### Exercise goal
Only the pictures are to be left out; write out the rest of the data exactly.

-------- Supplied information

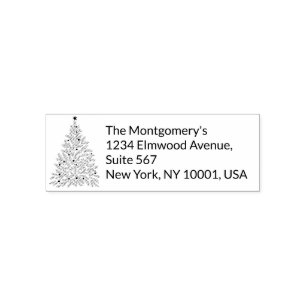 Hand-drawn Christmas Tree Family Holiday Card Self-inking Stamp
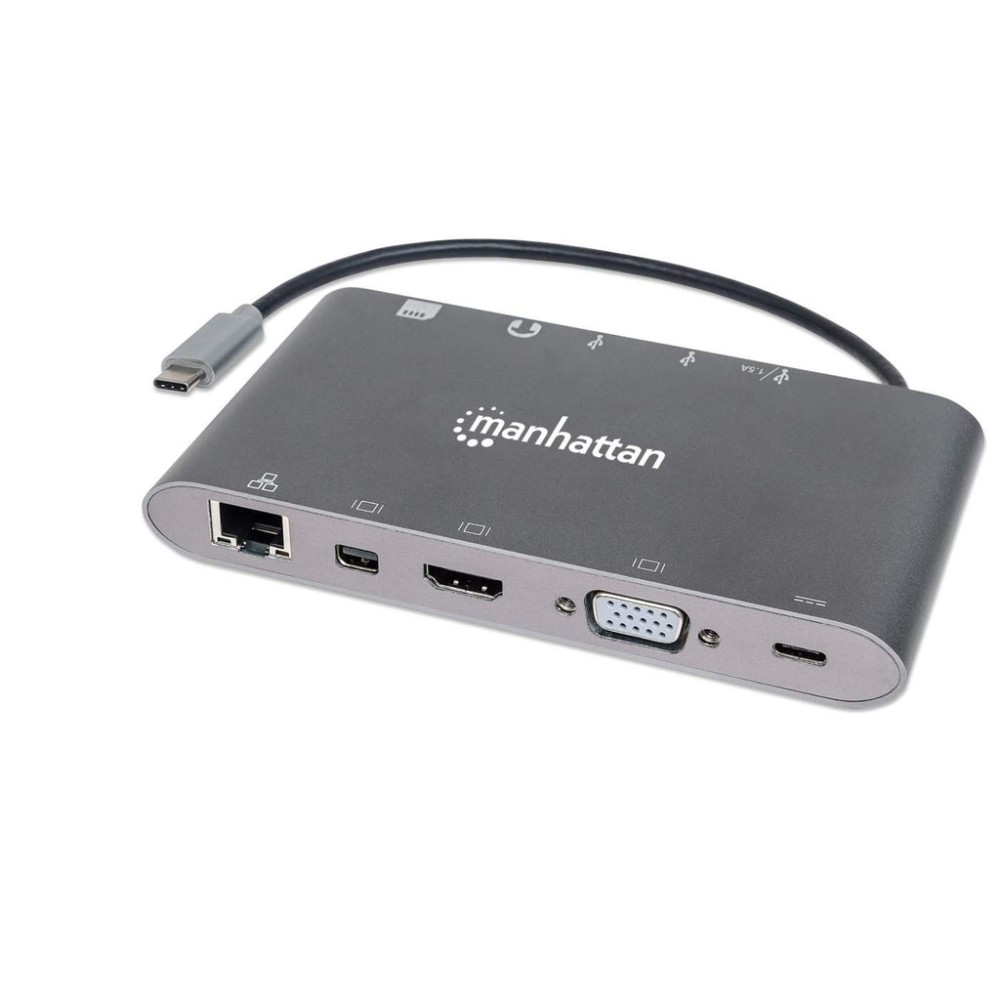 Manhattan USB-C Dock/Hub with Card Reader, Ports (x8): USB-C to HDMI, Audio 3.5mm, Ethernet, Mini DisplayPort, USB-A (x3) and... Manhattan USB-C Dock/Hub with Card Reader, Ports (x8): USB-C to HDMI, Audio 3.5mm, Ethernet, Mini DisplayPort, USB-A (x3) and...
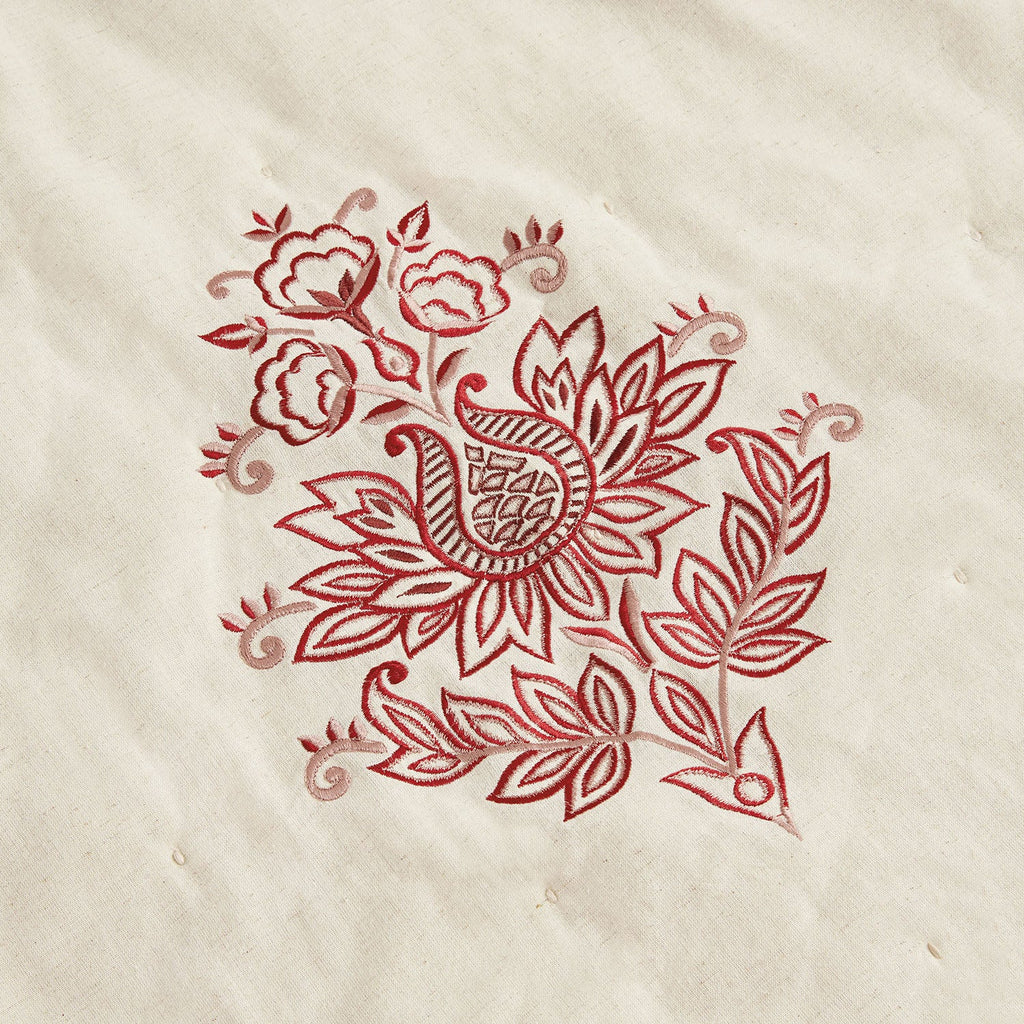 Isadora Garnet Red Damask Embroidered Quilted Linen Blend Bedspread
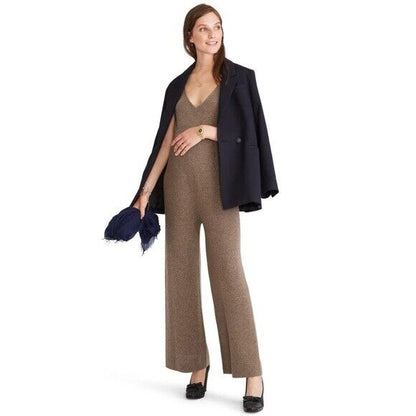 Hatch Maternity Women's THE NOLA JUMPSUIT Portabella/Brown Merino Wool/Cashmere $298 NEW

----------------

### Result of this exercise
 Hand-drawn Christmas Tree Family Holiday Card Self-inking Stamp
 Manhattan USB-C Dock/Hub with Card Reader, Ports (x8): USB-C to HDMI, Audio 3.5mm, Ethernet, Mini DisplayPort, USB-A (x3) and... Manhattan USB-C Dock/Hub with Card Reader, Ports (x8): USB-C to HDMI, Audio 3.5mm, Ethernet, Mini DisplayPort, USB-A (x3) and...
 Isadora Garnet Red Damask Embroidered Quilted Linen Blend Bedspread
 Hatch Maternity Women's THE NOLA JUMPSUIT Portabella/Brown Merino Wool/Cashmere $298 NEW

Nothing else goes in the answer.